Remember arts and crafts in grade school? What about PE or music time? Did grade school teachers expect us to choose a topic and become master painters, athletes or musicians? Certainly not.
So, the burning question is: are there still fun classes in college?
A student’s choice of a given major or field of study does not imply that he or she forfeits the “arts and crafts” offered as elective credit.
At BYU-Idaho, students are not only encouraged to take a variety of elective credits but they are required to enroll in elective credits (the number of elective credits depends on one’s major).
So, what elective credits should you take?
Here are five must-take elective classes offered at BYU-I.
1) Experiential Education (RM 343)
Experiential Education requires students to learn how to create and facilitate hands-on learning experiences for others.
According to the BYU-I academic catalog “Students will be required to apply these leadership and team building skills in a variety of settings (and) facilitate and explore alternative techniques for facilitation. This course is appropriate for all recreation majors, those in education and the social sciences.”
Experiential Education is taught through nontraditional methods and is available for students to enroll in even if they are not studying Recreational Management.
“I loved (this class) because it was hands-on learning,” said Leanne Schmidt, a recent BYU-I graduate of therapeutic recreation. “I learned different initiatives and got to know my classmates really well because of the activities we did together.”
If you like hands-on learning, you may consider enrolling in this course.
2) Personal Health and Wellness (HS 132)
Have exercise and fitness always been on your list of things to be better at? Well, if you take this course, you can establish healthy habits and routines and receive college credit for it.
According to BYU-I’s academic catalog, the class “will cover the five areas of Wellness: Physical, Social, Emotional, Spiritual and, Intellectual/Mental. In each area the student will learn the principles associated with living well.”
So, lace up your shoes and make sure to include Personal Health and Wellness in your college experience.
3) Floral Design (HORT 235)
Flower Design is a great class to take if you are wanting something fun but challenging that increases focus on precision design by creating something beautiful.
According to the BYU-I academic catalog, “This course instruction focuses on the principles and elements of design as applied to the floral industry, care and handling of cut flowers, harvest and distribution of cut flowers, floral identification, and nomenclature and the history of floral design.”
This is a great class if a student wants to work with flower arranging on the side or just as a hobby. The labs will teach hands-on training regarding techniques and design skills used in the floral industry today.
Sign up for this class, and you’ll fill your college experience with some beautiful creations.
4) Mountaineering (RM 223G)
BYU-I is surrounded by gorgeous mountains and trails. From the great Tetons to the trails of Yellowstone, there are so many places to explore. Taking Mountaineering is a sure way to get the most out of the beautiful Idaho mountains.
According to BYU-I’s academic catalog, “This course provides students with the skills needed for traveling through third, fourth, and fifth class mountainous terrain, navigation and route finding, pace management, small team rescue, self-arrests, and snow anchor techniques. Students will also refine rock climbing, protection and anchoring skills, and apply these techniques to mountain settings.”

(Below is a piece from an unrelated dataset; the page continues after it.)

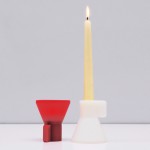 Duo by Oscar Diaz for Doiy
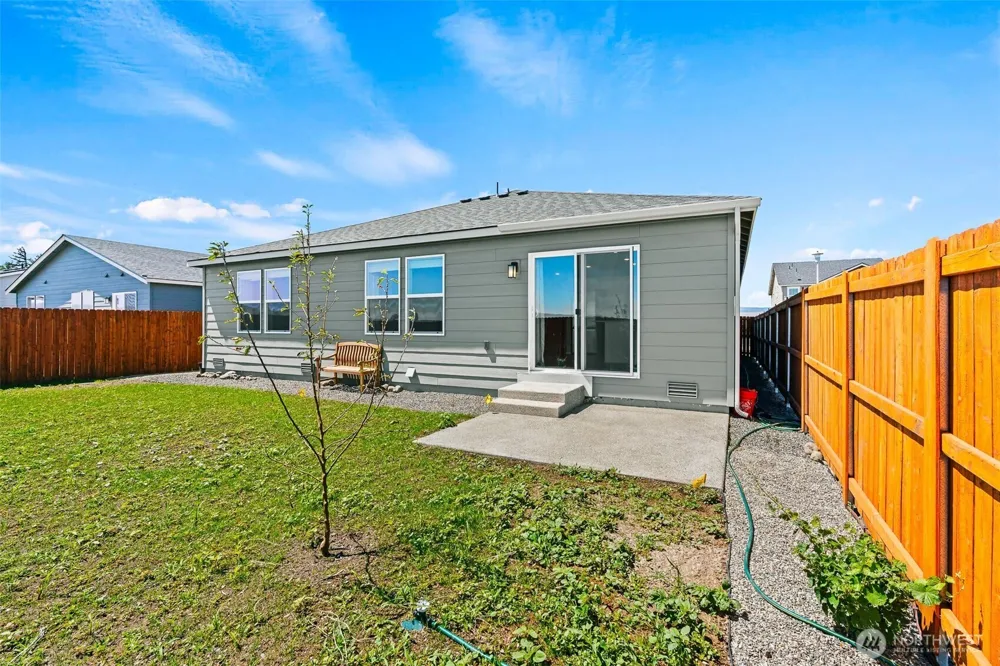 1802 S Mallard Way #31 Ellensburg, WA 98926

It’s important to remember that although the course is available for anyone to take, Recreational Management major or not, the precedent does go to those in the Rec. Management program for a period of time during registration. After this time has passed, the course will be open for anyone to sign up for.
Students who enroll in this course don’t only learn how to hike and climb, but they learn essential skills like leadership, development of teaching skills and risk management.
So, if you love the outdoors and seek more of a hands-on learning experience, then take mountaineering, and surround yourself with others who love the outdoors as much as you.
5) Interpersonal Theory and Practice (COMM 150)
Last, but certainly not least, is Interpersonal Theory and Practice. This course is for those who seek more knowledge about the psychology and theory behind relationships. Like many of the electives mentioned in this article, Interpersonal Theory and Practice does not have conventional assignments.
Homework for this class may include “hang out sessions” and analyzing others in social situations. The course is described to be the study of human interaction and relationships.
“I loved the atmosphere that was created by Brother Judkins,” said Austin Mederos, a senior studying psychology. “I loved how he made it one of his top priorities to help us learn everyone’s names (and) to seek each other outside of class. … I loved how he genuinely took the time to get to know us and could feel his passion for the class and love for every single one of us.”
So, to conclude, during your experience at BYU-I, make sure to remember that you can still take “arts and crafts” and keep these courses in mind when registering for electives.